Di sisi lain, Wali Nagari Tanjuang Gadang, Zamhar, menyampaikan rasa terima kasih kepada pemerintah pusat dan Andre Rosiade atas terealisasinya pembangunan jalan tersebut.
"Terima kasih Pak Andre. Terima kasih Pak Presiden Prabowo atas jalannya. Dulu kami makan kabut jalan, sekarang alhamdulillah," ujar Zamhar.
Menurutnya, kondisi jalan yang sebelumnya buruk sangat dirasakan masyarakat dalam menjalankan aktivitas sehari-hari. Kini, masyarakat dapat menikmati akses jalan yang lebih baik dan aman.
Hal senada disampaikan Guru SD 01 Tanjuang Gadang, Mai Roza. Ia mengatakan kerusakan jalan tersebut telah berlangsung hampir 10 tahun dan sebelumnya tidak pernah mendapat perbaikan menyeluruh. "Dikatakan sudah hampir 10 tahun. Tidak ada perbaikan sebelumnya," katanya.
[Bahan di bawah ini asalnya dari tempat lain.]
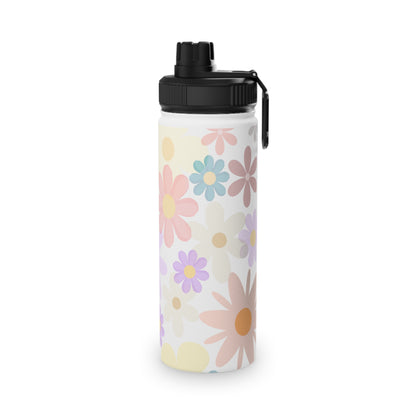 Stainless Steel Water Bottle Floral Water Bottle Gift for Her Pastel Summer Sports Bottle Travel Bottle Flowery Mom Gift Vacation Cup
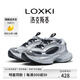 LOXKI洛克斯基復(fù)古老爹鞋子男厚底增高情侶休閑鞋 SpaceCraft 飛船跑鞋 黑洞銀 36
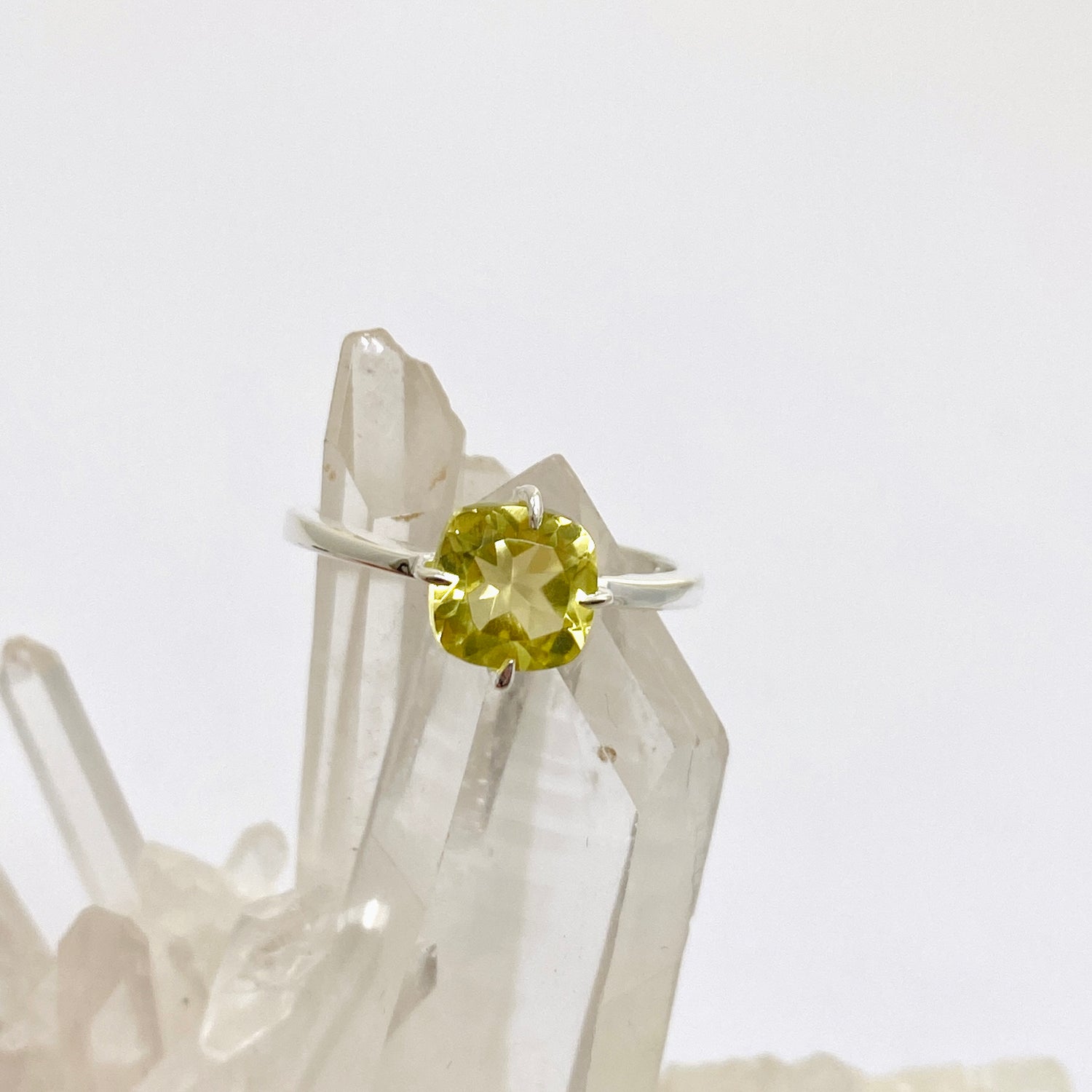 Lemon Quartz Faceted Square Solitare Ring R4806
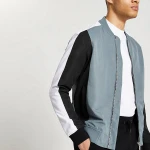 Custom Wholesale Mens Bomber Jacket Colourblock Baseball Collar Long Sleeve Zipper Up Baseball Outdoor Sports Bomber Jackets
Ia menuturkan, sebelumnya perbaikan yang dilakukan hanya sebatas menambal lubang. Namun, kerusakan kembali muncul setelah hujan atau dilalui kendaraan berat.
"Ada perbaikan, mungkin kalau jalannya berlubang ditampal sedikit. Besok sudah hujan lagi, berlubang lagi," ujar Mai.
Ia berharap pembangunan jalan dengan konstruksi beton tersebut dapat memberikan akses yang lebih aman dan nyaman bagi masyarakat, termasuk para pelajar yang setiap hari menggunakan jalan tersebut.